SkS Analogy 22 - Energy SeaSaw

Tag Line

Energy exchange vs. Energy change.

Elevator Statement

Energy change represents a change of the total global energy. Energy exchange represents an exchange of energy between two parts of the Earth’s systems, without necessarily increasing the total energy.

A seesaw exchanges the potential energy of Person A on one side of the seesaw to Person B on the other side of the seesaw. As Person A falls, they lose potential energy, causing Person B to rise, gaining the potential energy lost by Person A. In this process there is no change in the total energy of Person A+B: energy is merely exchanged between two people (there is a small amount of energy lost due to friction in the center pivot, requiring each person to push off the ground a small amount).

SeaSaw

Climate Science

The oceans and the atmosphere represent two objects that also exchange energy, engaging in their own SeaSaw, where in some years the oceans lose energy to the atmosphere, and in other years the atmosphere loses energy back to the oceans. Just as two people using a seesaw merely exchange potential energy back and forth, without changing their total potential energy, so too, during energy SeaSaw cycles the oceans and atmosphere exchange energy. Although the long-term trend is that global warming causes both the oceans and the atmosphere to gain energy, because the energy exchanged between the oceans and the atmosphere can be up to 10 times as much as the energy gained by the atmosphere during a given year, it is usually difficult to estimate the amount of global warming from the temperature change of the atmosphere from one year to the next. To estimate the magnitude of global warming typically requires looking at atmospheric temperature trends from one decade to the next, or more commonly, by using a 10-year moving average. Try out the SkS Temperature Trend Calculator to see how the averaging period affects the temperature trend line.
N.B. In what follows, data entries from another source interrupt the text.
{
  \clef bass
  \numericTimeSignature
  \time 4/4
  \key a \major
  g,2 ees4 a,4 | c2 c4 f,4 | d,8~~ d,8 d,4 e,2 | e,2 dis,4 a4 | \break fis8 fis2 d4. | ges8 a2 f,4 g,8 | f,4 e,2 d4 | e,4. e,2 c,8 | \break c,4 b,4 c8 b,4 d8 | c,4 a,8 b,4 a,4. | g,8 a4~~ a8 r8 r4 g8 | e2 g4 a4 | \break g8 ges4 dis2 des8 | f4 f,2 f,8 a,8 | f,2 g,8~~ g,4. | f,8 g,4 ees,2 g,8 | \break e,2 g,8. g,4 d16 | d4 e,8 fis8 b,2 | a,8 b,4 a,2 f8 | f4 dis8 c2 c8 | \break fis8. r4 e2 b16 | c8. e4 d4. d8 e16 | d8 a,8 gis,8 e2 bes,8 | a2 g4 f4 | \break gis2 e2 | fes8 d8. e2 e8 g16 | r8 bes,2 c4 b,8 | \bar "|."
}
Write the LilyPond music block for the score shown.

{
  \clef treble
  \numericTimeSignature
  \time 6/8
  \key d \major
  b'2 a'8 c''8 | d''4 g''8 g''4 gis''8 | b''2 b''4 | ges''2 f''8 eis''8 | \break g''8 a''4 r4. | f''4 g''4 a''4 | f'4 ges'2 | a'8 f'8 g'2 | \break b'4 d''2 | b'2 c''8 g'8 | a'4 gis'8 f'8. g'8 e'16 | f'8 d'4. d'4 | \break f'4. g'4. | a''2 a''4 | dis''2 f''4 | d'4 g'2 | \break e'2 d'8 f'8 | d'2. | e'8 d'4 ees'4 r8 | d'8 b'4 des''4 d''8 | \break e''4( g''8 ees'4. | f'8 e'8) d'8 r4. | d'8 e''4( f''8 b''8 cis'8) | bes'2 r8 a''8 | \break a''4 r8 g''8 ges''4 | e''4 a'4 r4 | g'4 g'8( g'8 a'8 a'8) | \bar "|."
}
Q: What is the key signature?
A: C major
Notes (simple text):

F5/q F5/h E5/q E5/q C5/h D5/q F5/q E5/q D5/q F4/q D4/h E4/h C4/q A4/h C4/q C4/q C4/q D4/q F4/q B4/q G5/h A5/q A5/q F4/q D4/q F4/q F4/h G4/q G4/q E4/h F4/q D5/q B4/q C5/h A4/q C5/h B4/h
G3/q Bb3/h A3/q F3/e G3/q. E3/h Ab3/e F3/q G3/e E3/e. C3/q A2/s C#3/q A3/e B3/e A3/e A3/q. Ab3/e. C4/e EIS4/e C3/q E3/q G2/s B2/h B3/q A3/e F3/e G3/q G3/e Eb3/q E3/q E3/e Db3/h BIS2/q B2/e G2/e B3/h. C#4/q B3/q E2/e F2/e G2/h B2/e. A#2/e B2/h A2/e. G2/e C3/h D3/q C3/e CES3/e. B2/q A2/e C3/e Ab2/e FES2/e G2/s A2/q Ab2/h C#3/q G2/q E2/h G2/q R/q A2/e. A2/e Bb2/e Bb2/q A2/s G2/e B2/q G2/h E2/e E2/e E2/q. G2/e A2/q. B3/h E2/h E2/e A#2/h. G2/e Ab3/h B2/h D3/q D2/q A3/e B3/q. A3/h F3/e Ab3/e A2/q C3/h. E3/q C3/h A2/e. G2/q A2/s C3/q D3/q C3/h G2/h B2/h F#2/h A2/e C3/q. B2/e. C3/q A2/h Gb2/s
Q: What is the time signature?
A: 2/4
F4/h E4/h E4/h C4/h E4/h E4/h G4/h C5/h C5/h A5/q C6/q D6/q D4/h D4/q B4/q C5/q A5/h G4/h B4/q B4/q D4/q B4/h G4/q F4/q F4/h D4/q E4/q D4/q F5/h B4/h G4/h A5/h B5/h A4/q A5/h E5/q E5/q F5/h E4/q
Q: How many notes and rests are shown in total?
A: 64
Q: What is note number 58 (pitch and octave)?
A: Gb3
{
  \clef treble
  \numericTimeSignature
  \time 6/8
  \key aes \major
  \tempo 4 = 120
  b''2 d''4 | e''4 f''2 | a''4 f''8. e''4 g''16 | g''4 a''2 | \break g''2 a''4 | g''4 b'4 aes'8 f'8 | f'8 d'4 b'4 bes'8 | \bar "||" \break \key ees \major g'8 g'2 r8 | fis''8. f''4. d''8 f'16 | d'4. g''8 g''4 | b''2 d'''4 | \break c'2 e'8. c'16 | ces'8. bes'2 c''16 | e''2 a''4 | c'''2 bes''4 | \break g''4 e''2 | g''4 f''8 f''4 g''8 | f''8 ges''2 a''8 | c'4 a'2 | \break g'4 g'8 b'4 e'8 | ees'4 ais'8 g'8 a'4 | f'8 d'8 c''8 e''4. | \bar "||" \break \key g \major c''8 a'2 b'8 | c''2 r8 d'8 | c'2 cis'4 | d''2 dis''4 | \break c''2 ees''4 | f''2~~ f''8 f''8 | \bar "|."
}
Examples of SeaSaws are the El-Nino/La-Nina cycles (also referred to as El-Nino Southern Oscillation, ENSO),  and the Pacific Decadal Oscillation (PDO). El-Nino cycles typically occur near Christmas. For this reason, South-American fisherman referred to this weather phenomenon as El-Nino de Navidad, which in Spanish means the Christ child. In Spanish, El-Nino therefore means “the little boy”, whereas La Nina means “the little girl”.

During an El-Nino cycle, the oceans transfer sufficient energy to the atmosphere to cause globally-averaged atmospheric temperature to rise by as much as 0.2°C. During La-Nina cycles, the atmosphere transfers sufficient energy to the oceans to cause as much as 0.2°C cooling. The net effect of El-Nino/La-Nina cycles is not global warming, just energy exchange between the oceans and the atmosphere.

A good way to think of Earth’s energy system is to think of using a seesaw on an elevator. While the elevator is on the ground floor, not moving, a seesaw will simply cause two people to go up and down in rhythm, but there is no net upward motion. An upward motion only occurs when the elevator starts moving upwards, regardless of whether the seesaw is being used.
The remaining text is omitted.